-------- INPUT RECORDS

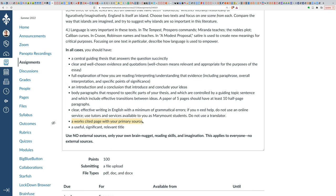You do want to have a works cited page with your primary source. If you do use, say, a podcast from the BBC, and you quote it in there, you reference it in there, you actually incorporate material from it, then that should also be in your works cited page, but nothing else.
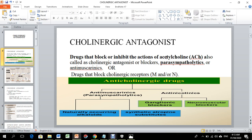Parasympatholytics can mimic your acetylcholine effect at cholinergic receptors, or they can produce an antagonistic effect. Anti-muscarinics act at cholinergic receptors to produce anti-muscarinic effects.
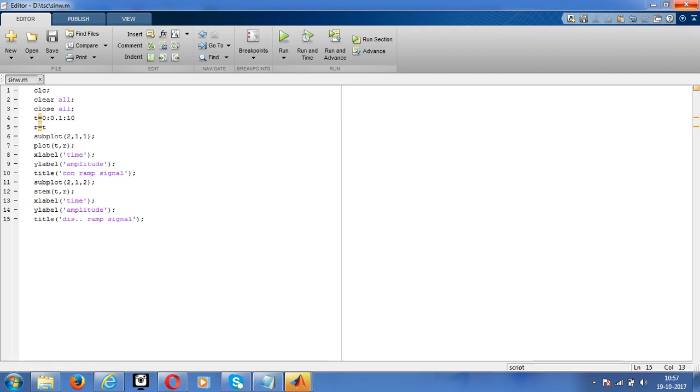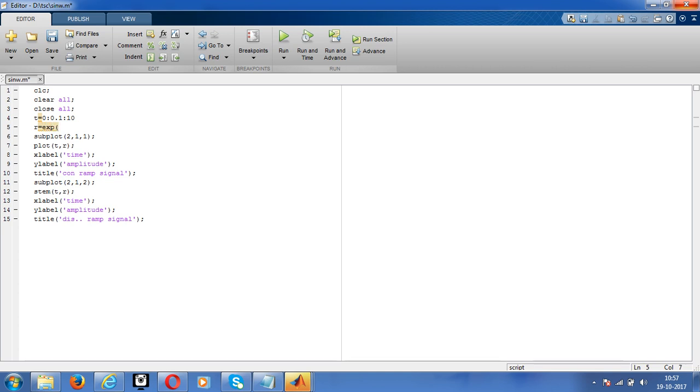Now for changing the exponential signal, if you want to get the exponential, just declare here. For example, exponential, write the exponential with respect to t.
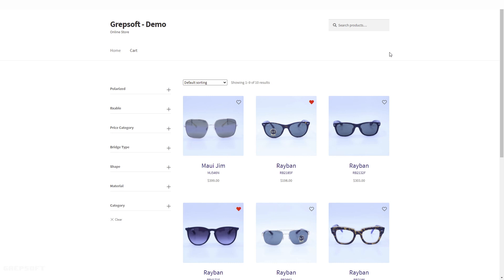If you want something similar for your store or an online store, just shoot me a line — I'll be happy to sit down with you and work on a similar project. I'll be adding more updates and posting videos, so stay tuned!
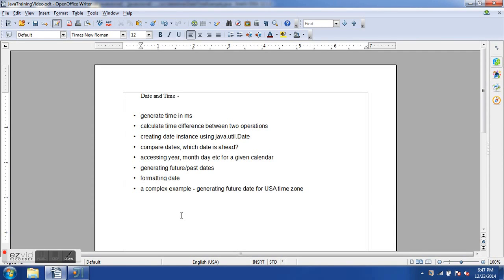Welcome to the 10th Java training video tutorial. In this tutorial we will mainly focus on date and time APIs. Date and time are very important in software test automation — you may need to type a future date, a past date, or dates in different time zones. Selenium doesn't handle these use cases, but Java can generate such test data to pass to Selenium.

----------------
-------- INPUT RECORDS

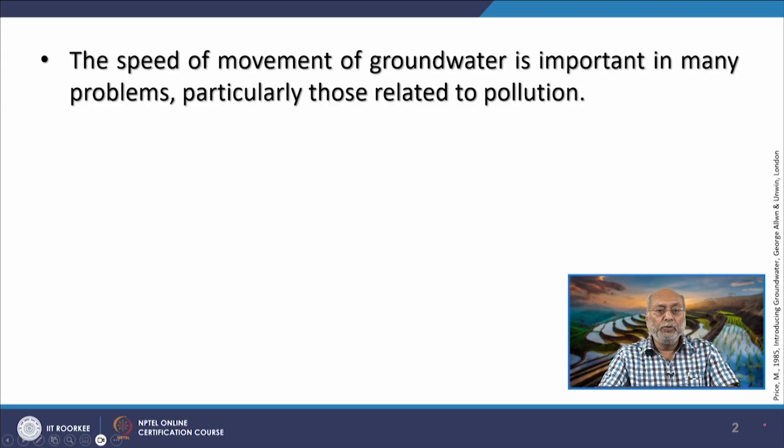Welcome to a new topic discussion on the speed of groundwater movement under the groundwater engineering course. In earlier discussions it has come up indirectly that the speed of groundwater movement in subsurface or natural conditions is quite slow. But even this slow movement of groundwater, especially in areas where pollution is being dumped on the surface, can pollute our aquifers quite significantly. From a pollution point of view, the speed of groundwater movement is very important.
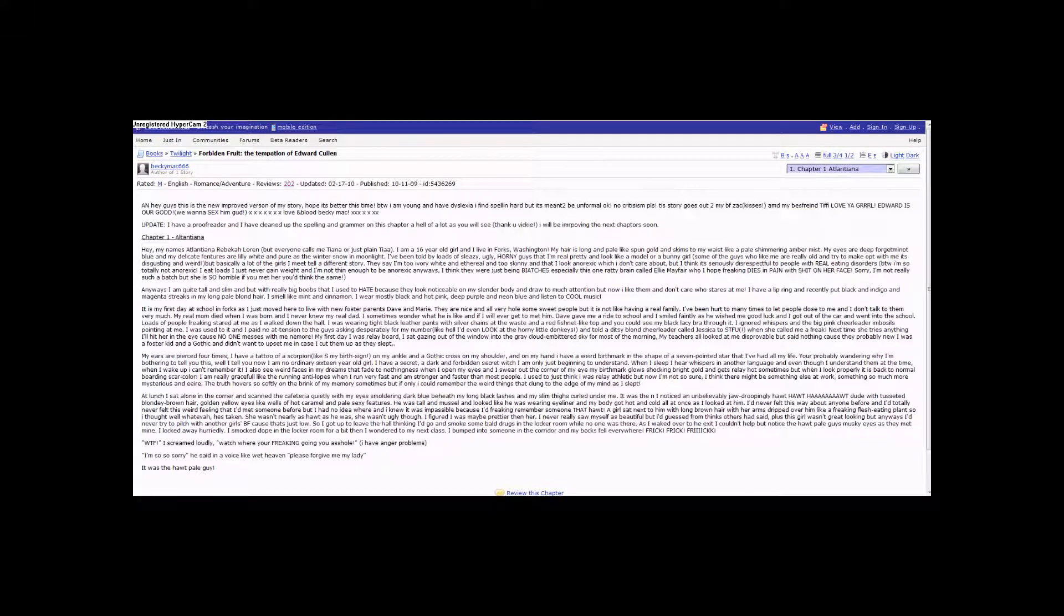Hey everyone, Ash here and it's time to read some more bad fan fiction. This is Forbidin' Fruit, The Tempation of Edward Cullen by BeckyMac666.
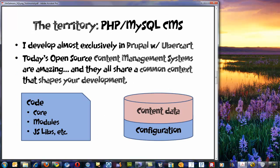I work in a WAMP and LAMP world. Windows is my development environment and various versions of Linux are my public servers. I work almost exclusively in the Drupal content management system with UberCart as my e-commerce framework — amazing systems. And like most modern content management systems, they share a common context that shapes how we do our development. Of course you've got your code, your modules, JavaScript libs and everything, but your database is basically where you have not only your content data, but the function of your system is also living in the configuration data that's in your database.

----------------
-------- INPUT RECORDS

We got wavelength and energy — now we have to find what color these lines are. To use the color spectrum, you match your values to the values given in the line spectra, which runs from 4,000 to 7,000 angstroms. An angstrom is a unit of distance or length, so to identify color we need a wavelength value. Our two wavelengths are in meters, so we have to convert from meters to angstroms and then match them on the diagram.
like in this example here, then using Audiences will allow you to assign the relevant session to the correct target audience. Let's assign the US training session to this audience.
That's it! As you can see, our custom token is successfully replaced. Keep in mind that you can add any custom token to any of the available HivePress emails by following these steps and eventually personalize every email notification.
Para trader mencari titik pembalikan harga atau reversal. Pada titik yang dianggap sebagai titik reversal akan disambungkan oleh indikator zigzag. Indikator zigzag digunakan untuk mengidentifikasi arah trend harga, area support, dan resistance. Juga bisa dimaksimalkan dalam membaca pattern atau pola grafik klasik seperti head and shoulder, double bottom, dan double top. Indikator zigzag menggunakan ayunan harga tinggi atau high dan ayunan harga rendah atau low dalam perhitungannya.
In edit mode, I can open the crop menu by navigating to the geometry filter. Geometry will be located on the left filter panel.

----------------

TASK INSTRUCTIONS: Leaving out the pictures, please output the lines in the entries above from the one with "Hey everyone, Ash" through the one with "I work in a", exactly as they are.

RESULT OF THE TASK:
Hey everyone, Ash here and it's time to read some more bad fan fiction. This is Forbidin' Fruit, The Tempation of Edward Cullen by BeckyMac666.
I work in a WAMP and LAMP world. Windows is my development environment and various versions of Linux are my public servers. I work almost exclusively in the Drupal content management system with UberCart as my e-commerce framework — amazing systems. And like most modern content management systems, they share a common context that shapes how we do our development. Of course you've got your code, your modules, JavaScript libs and everything, but your database is basically where you have not only your content data, but the function of your system is also living in the configuration data that's in your database.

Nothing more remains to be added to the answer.